▶ [YOUR ASSIGNMENT]:
From the data below, copy exactly the lines that lie between the one holding "Toyota Wigo 2019" and the one holding "Chicco Corso LE Modular Travel System", including both, and nothing more.

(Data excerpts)

|---|

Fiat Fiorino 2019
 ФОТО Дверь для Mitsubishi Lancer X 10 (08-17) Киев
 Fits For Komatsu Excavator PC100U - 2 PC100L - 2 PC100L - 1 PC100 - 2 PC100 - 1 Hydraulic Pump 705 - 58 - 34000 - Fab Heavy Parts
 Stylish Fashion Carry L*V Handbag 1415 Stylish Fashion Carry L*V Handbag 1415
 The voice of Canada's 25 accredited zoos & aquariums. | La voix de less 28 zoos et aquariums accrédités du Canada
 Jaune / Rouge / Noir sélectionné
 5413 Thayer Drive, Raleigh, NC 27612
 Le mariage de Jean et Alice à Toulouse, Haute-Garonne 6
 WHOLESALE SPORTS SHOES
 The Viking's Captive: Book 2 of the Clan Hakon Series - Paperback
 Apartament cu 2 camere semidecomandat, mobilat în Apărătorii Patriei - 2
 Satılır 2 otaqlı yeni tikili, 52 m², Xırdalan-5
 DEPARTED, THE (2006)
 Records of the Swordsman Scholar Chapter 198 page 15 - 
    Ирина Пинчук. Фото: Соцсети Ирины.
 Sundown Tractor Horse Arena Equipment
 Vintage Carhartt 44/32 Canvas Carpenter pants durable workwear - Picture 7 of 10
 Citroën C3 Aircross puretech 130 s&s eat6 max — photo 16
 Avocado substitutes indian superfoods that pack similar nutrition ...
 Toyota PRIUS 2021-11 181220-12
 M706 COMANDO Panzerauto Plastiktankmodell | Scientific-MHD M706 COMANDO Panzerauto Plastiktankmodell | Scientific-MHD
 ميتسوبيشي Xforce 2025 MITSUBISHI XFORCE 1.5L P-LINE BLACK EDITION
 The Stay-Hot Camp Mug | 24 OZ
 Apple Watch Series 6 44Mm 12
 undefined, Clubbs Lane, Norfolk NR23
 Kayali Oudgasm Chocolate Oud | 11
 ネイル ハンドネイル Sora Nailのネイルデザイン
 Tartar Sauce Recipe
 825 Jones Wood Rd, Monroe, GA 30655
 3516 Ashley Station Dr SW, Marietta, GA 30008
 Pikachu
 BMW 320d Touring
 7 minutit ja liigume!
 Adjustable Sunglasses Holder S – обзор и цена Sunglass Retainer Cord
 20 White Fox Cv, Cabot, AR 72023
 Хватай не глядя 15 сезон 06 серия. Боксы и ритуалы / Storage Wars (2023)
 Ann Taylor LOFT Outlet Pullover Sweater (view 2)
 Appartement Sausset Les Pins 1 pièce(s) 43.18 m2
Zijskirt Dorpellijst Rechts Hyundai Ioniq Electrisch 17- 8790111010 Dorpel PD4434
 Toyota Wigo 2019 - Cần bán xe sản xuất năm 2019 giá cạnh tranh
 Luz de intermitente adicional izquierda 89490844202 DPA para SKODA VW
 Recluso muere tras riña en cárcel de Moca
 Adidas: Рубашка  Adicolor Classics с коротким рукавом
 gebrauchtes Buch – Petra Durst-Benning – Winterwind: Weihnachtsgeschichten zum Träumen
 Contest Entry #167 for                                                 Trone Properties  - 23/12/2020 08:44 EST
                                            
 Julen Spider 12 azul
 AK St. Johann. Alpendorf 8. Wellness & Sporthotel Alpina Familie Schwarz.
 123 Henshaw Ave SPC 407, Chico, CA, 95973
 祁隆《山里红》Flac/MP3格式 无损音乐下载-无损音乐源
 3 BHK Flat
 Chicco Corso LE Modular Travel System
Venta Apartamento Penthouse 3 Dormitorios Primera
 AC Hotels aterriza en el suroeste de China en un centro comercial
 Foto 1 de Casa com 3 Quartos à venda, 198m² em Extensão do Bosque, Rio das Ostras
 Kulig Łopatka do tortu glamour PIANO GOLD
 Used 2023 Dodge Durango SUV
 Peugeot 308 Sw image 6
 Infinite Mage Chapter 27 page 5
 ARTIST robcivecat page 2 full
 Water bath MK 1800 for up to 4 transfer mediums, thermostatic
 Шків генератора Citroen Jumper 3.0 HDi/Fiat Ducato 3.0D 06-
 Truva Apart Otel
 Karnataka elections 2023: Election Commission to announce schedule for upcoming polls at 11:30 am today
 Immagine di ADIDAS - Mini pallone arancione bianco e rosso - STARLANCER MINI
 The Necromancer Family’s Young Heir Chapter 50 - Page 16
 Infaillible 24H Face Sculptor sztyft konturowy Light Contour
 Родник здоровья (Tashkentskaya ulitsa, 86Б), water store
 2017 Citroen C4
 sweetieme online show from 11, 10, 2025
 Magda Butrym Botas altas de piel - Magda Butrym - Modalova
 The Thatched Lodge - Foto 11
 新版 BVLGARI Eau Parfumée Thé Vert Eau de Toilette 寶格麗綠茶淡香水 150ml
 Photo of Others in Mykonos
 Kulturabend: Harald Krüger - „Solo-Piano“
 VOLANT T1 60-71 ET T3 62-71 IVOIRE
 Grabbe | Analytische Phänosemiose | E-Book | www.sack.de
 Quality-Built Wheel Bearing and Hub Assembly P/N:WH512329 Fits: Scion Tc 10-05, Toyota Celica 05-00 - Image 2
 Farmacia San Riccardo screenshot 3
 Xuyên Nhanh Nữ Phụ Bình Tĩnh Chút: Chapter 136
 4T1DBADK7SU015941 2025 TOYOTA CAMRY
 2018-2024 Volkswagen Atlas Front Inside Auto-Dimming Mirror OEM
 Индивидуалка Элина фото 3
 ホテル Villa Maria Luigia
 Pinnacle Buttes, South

|---|

▶ [WRITTEN ANSWER]:
 Toyota Wigo 2019 - Cần bán xe sản xuất năm 2019 giá cạnh tranh
 Luz de intermitente adicional izquierda 89490844202 DPA para SKODA VW
 Recluso muere tras riña en cárcel de Moca
 Adidas: Рубашка  Adicolor Classics с коротким рукавом
 gebrauchtes Buch – Petra Durst-Benning – Winterwind: Weihnachtsgeschichten zum Träumen
 Contest Entry #167 for                                                 Trone Properties  - 23/12/2020 08:44 EST
                                            
 Julen Spider 12 azul
 AK St. Johann. Alpendorf 8. Wellness & Sporthotel Alpina Familie Schwarz.
 123 Henshaw Ave SPC 407, Chico, CA, 95973
 祁隆《山里红》Flac/MP3格式 无损音乐下载-无损音乐源
 3 BHK Flat
 Chicco Corso LE Modular Travel System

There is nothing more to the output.